EXERCISE: For the records below, print the lines from the line with "Grill til Toyota Hilux 1998-2001" through the line with "Verdi Vest Grey" exactly as written; include both end lines and exclude the rest.

DATASET RECORDS:
======
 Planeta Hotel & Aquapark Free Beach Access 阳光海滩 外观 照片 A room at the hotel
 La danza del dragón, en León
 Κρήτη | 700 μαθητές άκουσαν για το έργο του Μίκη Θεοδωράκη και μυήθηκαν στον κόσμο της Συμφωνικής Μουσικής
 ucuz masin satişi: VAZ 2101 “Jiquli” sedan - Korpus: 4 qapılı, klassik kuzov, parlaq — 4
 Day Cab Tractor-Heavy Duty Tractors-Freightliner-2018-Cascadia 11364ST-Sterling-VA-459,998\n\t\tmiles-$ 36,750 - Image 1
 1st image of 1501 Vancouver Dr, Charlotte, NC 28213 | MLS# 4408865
======
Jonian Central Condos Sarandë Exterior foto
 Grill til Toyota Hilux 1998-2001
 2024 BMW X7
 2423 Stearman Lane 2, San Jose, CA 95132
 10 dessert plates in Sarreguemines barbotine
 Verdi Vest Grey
======
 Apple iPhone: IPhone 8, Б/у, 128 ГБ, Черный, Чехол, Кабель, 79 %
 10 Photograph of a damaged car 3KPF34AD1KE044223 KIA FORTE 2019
======
OUTPUT FOR THIS TASK:
 Grill til Toyota Hilux 1998-2001
 2024 BMW X7
 2423 Stearman Lane 2, San Jose, CA 95132
 10 dessert plates in Sarreguemines barbotine
 Verdi Vest Grey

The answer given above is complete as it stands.